I tried the first three installments -- a netflix diskful of episodes -- of House of Cards. I plan to watch a few more, but I'm deep into negative enthusiasm, not at all sure that I'm going to continue. Cards certainly grabs you, and it's startling and theatrical, but it's also far too cynical and depraved for my rose-colored tastes. I just don't believe in it. I know that it's all the rage to assume that politicians are horrid and power-obsessed -- but every one of them, all the time, without a moment of relaxation or redemption? And so I'm skeptical of every character, every twist in the plot, every nasty turn of phrase. And because I'm skeptical, I just can't, as they say, "get into it." Or at least, not all the way in. (Full disclosure: during episode three I fell into a 'deep rest,' sometimes denominated a minor nap.)
The character who dominates House of Cards is Kevin Spacey's Frank Underbelly -- I mean Underwood -- who is fascinating but not credible. Or rather, he is not designed to be credible, because he regularly violates the fourth wall and converses intimately with viewers. Underwood is ruthless, implacable, ambitious, vengeful, depraved, vicious, malignant, and amusing. He turns his audience into his co-conspirators.
And where have we seen this curious concatenation of traits before? Think back, fit audience though few, to your college class in the History of English Drama. There you encountered the vice and his crossbred friend, the machiavel,who were ubiquitous in medieval drama. Shakespeare brought this semi-supernatural hybrid to perfection two separate times -- once in the person of Richard of Gloucester in Richard III and then again as Iago in Othello.

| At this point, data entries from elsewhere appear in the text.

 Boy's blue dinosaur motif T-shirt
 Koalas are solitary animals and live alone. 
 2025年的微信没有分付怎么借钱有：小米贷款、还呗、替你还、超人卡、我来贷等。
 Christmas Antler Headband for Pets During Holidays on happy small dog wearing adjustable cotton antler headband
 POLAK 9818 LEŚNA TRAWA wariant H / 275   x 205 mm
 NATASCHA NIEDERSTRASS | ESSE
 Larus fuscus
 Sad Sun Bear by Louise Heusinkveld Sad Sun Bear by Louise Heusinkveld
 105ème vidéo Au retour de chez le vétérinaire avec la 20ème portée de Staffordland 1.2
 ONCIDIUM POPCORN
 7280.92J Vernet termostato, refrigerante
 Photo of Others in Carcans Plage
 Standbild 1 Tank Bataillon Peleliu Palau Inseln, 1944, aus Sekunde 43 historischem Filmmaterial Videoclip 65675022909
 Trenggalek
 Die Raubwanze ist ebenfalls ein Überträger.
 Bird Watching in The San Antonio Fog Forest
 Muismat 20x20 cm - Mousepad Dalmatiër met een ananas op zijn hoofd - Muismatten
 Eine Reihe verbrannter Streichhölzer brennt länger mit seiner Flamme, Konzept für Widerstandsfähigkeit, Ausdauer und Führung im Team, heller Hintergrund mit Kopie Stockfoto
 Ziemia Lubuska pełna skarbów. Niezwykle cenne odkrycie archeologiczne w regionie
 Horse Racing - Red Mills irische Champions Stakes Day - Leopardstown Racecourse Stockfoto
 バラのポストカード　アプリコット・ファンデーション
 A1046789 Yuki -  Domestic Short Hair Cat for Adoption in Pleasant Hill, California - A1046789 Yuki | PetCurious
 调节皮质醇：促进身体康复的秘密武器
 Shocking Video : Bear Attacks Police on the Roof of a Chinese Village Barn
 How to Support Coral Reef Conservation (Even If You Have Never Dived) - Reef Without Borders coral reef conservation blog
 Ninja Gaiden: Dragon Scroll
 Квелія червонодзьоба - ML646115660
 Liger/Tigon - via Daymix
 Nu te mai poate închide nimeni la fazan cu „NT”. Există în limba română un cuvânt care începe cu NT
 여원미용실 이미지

Richard of Gloucester winks to his audience that he "can smile, and murder whiles I smile,/And cry 'Content' to that which grieves my heart, /And wet my cheeks with artificial tears,/ And frame my face to all occasions." Now if that isn't Frank Underhill to a T, first spotted killing a puppy and a few scenes later baldly and straightfacedly lying to his President. Richard can "set the murderous Machiavel to school" in order to gain a crown; our unFrank friend Frank once wanted to be secretary of state, but now he just wants revenge. Richard and Iago are capable not only of falsity but even of murder to get what they want. Both of them kill their own wives. "I'll have her, but I wlll not keep her long," says Richard of Queen Anne.
And therefore If I were to offer advice to Zoe Barnes, the reckless young reporter for the Washington Herald, I would suggest that she steer mighty clear of Frank Underwood. I would tell her to read Othello post-post-haste and take careful note of what happens to Desdemona's lady-in-waiting Emilia. Hint: "Fie, your knife upon a woman."
Zoe, please, please, get out of there while the going is good!
In Shakespeare's plays, Richard and Iago both overreach and come to grief. Richard is left to die on the battlefield and Iago is subjected to the rigors of Venetian justice ("Torture will ope his lips.") And that's what is supposed to happen to machiavels.
I'm curious as to what will happen to Frank Underhill. By rights he should be publicly humiliated and die a ghastly death. But inasmuch as we live in an exceedingly cynical age, we can guess that Frank will only die when Kevin Spacey is offered better work, or when ratings plunge, or when the series jumps its inherent shark.